Whilst there are so many benefits to social media, and it is allowing our generation to develop much more autonomy, it is very easy to get swept up by the wave and lose sight of the difference between the real and the virtual. I personally love scrolling through Instagram to get inspiration for all sorts of things, and a lot of the time it gives me motivation and ideas for how to turn my own goals into reality. Nevertheless, I am a huge culprit of finding myself aimlessly scrolling after a while, and in fact, instead of using social media to motivate me and curate my ideas, I am simply evading the responsibilities of reality and wasting time that could be spent working on my own life. This can lead to feelings of lethargy and, ironically, demotivation. The old saying goes ‘everything in moderation’ and I really think this rings true for social media use. There is nothing wrong with enjoying catching up on what your friends are doing, or looking for inspiration, but it is vital that we do not let it encroach on our own personal development and detract from the real world. It is also always worth remembering the typical social media argument that does in fact ring true – a lot of what you see online is definitely not the truth, or at least not the whole truth, and so whilst it is nice to peruse the web and get an insight into the rest of the world’s lives, you should remember to take some of these representations with a pinch of salt.
So why is social media so important to us? These apps aim to show your ‘best’ life – but in reality, your best life is not as filtered, posed or edited as these apps make it out to be. We’re all guilty of it, which is what makes it so much more than an individual problem. Dr. Pamela Rutledge (director at the Media Psychology Research Centre) explains ‘we have an instinctive need to be accepted into a group (social validation), and at a primal level, to the biological need for survival’. It is no wonder then that we are hypersensitive to the instant gratification these apps provide us, in the forms of likes and comments. Sociologist Anna Akbari reiterates this, explaining these kinds of validation make our brain light up the same way a drug does, hence why we keep returning for more. She also raises the interesting point that because this validation is public, it becomes even more rewarding. This, in a nutshell, is why social media will always have a negative impact to me – because we can utilise its positive benefits privately (contacting friends, or potential employers), and there is no need for this publicity. Anna Akbari echoes this, as her suggestions of how to be happy online include turning off notifications for likes, and only leaving them on for direct (private) messages.

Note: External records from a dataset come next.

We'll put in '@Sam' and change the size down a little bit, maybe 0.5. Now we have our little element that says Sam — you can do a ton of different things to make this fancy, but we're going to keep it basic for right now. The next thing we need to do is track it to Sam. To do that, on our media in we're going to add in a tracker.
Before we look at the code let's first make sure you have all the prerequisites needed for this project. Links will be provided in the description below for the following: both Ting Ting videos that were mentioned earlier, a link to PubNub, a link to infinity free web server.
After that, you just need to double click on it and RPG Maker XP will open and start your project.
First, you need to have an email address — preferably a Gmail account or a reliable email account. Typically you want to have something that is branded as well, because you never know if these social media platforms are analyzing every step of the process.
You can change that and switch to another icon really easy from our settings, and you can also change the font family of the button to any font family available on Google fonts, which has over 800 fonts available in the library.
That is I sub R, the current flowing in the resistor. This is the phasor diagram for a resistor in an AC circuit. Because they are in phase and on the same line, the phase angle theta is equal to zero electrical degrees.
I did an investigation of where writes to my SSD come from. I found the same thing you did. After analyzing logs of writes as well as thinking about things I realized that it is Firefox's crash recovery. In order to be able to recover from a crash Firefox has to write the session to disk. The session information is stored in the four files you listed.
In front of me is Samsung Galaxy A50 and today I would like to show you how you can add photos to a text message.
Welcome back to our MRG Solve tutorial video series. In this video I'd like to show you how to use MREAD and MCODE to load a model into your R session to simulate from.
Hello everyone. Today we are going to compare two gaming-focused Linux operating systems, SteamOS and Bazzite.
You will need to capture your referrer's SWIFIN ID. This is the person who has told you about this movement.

Donna Frietas (author of The Happiness Effect: How Social Media is Driving a Generation to Appear Perfect at Any Cost) summarises our relationship with social media as ‘love-hate, emotionally dependent, and obsessive’. I also asked about the impact of being exposed to social media earlier, to which she replied, ‘what we know from the young adult generation that has spent most of their young adulthood on social media – often nearly constantly – is that social media has a tremendous influence on happiness and self-esteem – typically a negative one.’ She also notes anxiety with this generation has risen vastly – an observation echoed in the RSPH report, which states levels of anxiety have risen by 70% in the last 25 years. Though this is due to many factors, it seems likely that the constancy of being online has contributed.

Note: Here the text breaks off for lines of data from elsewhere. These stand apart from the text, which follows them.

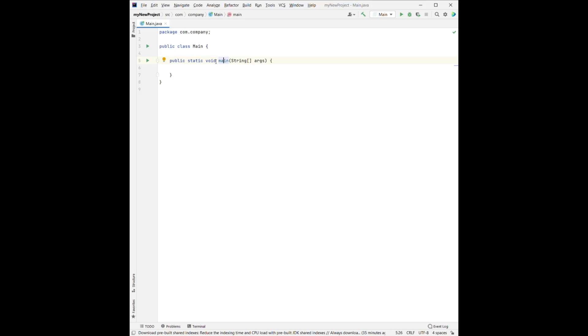And for the void, this is also a keyword. That means this method will not return anything. And please, please do not change the main here. So this is different from the main there.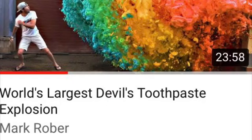So as you all know, on September 20, 2020, Mark Rober released this video. After looking through the video, my attention automatically went toward this new type of elephant toothpaste he made. Now before we look into this so-called devil's toothpaste, we have to understand how a regular elephant toothpaste reaction happens.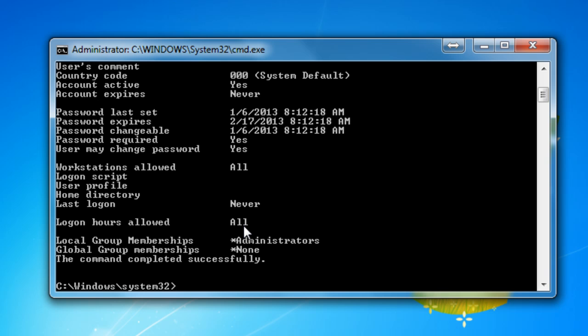But we're going to set it up so it will be restricted. So type in NetUser, the name of the user you're going to use, forward slash, time, colon. Now we're going to choose what dates it's going to be. I'm going to say, for example, Monday to Friday, comma.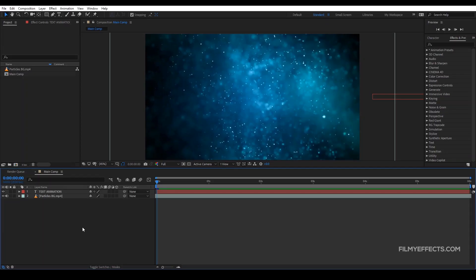Hi everyone, welcome. Hello everyone. In the last video, we were using the composition settings in After Effects, using a text animation based on basic text animation. If you haven't seen that video, you can click on the playlist in the top right corner.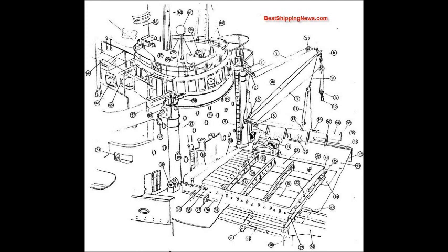Hand Rail, Bulwark Stay, Shears Track, Freeing Port, Bollard, Bridge Front, Air Slot, Side Light, Standard Compass.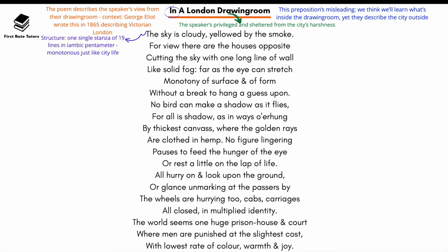When thinking about the structure of the poem, it's one single stanza of 19 lines written in iambic pentameter. What this illustrates — and why George Eliot deliberately did this — is to suggest the monotony of city life. This meter, iambic pentameter, is being used to show the repetitive monotony of city life.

In order to remain happy online, Dr. Rutledge explains we need to recognise that the internet itself does not make us happy or sad – it is the way we use it. Therefore, we need to take steps to remain comfortable online, just as we would offline. For instance, if an account on Instagram makes you feel not good enough, unfollow it. However, she also states ‘if watching silly cat videos on YouTube makes you laugh, schedule in a video for your coffee break’. The internet is not intrinsically good or bad, and it is up to us to use it responsibly, safely, and positively.